He sat in the front row in a Boulder courtroom filled with bad boys and boys accused of doing bad things. He did not belong there.

I showed up because he has no voice, certainly not against the state, which has arrayed all of its resources — police, jailers, prosecutors and judges — against him, painting a picture of him that cannot possibly be true.

I know his name, but I will not tell it to you. He has been scarred enough publicly. He is 10 years old, a small, soft-spoken, bespectacled and polite wisp of a child.

The legal question before the court on this day, the 12th anniversary of the Columbine High School massacre that triggered the law he is accused of breaking, is whether he menaced two other children with a broken BB gun he found in the gutter next to his school in Lafayette.
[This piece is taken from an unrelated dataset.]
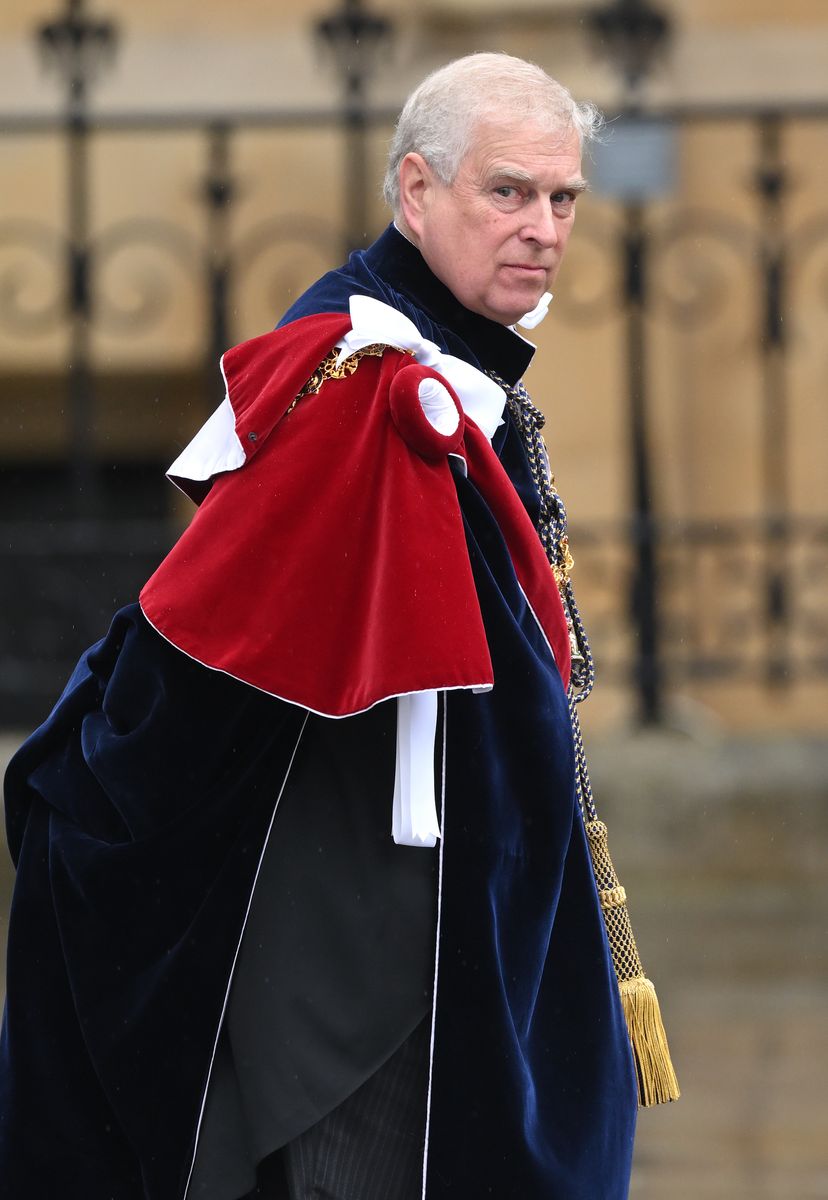 The controversies surrounding Prince Andrew transformed the public standing of the House of York and reshaped the future facing his daughters.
It happened March 31, long after classes were over for the day. His school, Alicia Sanchez Elementary, is across the street from his home. He and a buddy were on the grass playing police officer when two other boys on skateboards came over.

They asked if they could see the BB gun. He showed them. They shrugged and skated away.

The next day, a Friday, police officers arrived at the school. They led the boy away in handcuffs and put him in detention, where he stayed for the next three days.

Wednesday’s court hearing was to determine whether the boy would agree to enter a diversion program. The charges against him would be dropped if he completed it and stayed out of trouble.

His mother, Paula, and his father, Fred, were considering it. Certainly they did not have enough money for a lawyer. Divorced for more than a year now, they have left aside their differences to help their son.

There rightly has been considerable outrage over the prosecution of this boy. One of the outraged is noted Denver lawyer David Lane, who early this week picked up the phone and called Paula and Fred.

He told them he would take the case. He would do it for free.

“I have three sons myself,” he said in an interview Thursday. “This is an example of what drives me, personally, crazy.”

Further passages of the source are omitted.